Slam first published by EyeforFilm
After once more venting her feminist, anti-colonialist, anti-racist anger onstage in an elegantly constructed tirade of words (in fact penned by spoken-word artist/activist Candy Royalle, who has since passed away), Syrian-Australian slam poet Ameena Nasser (Danielle Horvat) vanishes. As he searches for the missing younger sister from whom he had already long since become estranged, ‘Ricky’ (Adam Bakri) – an Anglicisiation of his birth name Tarik – must negotiate not just a hostile media and police harassment, but also an awkward no-man’s-land between his native culture and his adopted nation, even as he is still haunted by the childhood trauma that drove him to migrate, and assimilate, to Australia in the first place. Meanwhile, coming with ghosts of her own, police officer Joanne Hendricks (Rachael Blake) finds her missing persons investigation into Ameena leading her to doubt the prevalent tenets and ideologies of her male superiors – and of her country.

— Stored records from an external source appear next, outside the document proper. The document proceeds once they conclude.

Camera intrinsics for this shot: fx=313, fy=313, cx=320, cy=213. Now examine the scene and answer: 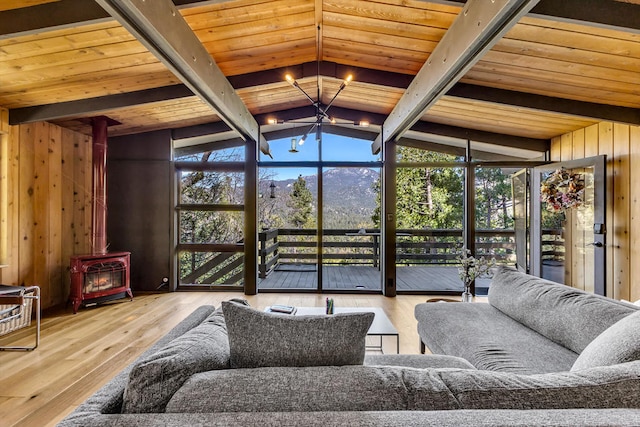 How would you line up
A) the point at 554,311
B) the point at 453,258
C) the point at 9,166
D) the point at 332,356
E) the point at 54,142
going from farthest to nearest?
the point at 453,258, the point at 54,142, the point at 9,166, the point at 554,311, the point at 332,356

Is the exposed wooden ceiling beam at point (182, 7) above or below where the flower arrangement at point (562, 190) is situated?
above

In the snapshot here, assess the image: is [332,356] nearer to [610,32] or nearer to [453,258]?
[610,32]

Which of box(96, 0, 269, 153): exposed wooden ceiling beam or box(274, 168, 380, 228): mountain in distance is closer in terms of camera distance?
box(96, 0, 269, 153): exposed wooden ceiling beam

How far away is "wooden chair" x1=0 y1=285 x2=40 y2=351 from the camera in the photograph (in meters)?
2.69

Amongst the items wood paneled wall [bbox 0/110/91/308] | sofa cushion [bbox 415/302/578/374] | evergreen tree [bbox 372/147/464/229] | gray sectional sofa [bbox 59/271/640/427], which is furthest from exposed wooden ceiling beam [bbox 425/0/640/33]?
wood paneled wall [bbox 0/110/91/308]

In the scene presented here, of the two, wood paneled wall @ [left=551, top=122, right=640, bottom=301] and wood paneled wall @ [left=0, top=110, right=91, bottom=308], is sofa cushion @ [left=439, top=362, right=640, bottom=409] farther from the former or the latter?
wood paneled wall @ [left=0, top=110, right=91, bottom=308]

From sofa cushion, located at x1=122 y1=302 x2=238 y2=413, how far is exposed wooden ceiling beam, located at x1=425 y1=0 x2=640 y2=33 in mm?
2475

All this unfolds against the backdrop of a corresponding disappearance in Syria, as the Australian pilot of a downed fighter plane is abducted by IS, raising the heat and dust of Islamophobia all over the Australian airwaves. Writer/director Partho Sen-Gupta (Let The Wind Blow, 2004; Sunrise, 2014) structures Slam as a mystery thriller, keeping us guessing from the very start whether Ameena has been taken by the online white supremacists who keep sending her death threats, or has joined a militant jihad abroad against the West. It could go either way, but the tension between these two positions engenders a critical dialectic along the Lucky Country’s well-guarded borders of race, class and gender. As a film concerned in part with the question of whether – and how – words (rage-fuelled political poetry, violent online trolling) might lead to action, Slam is itself a little overwritten, hammering home too hard its messages about terrorism (domestic, in every sense, as much as external) and the clash of identity. Still, these are urgent issues, and Sen-Gupta offers a suitably complicated picture of them in compelling dramatic form.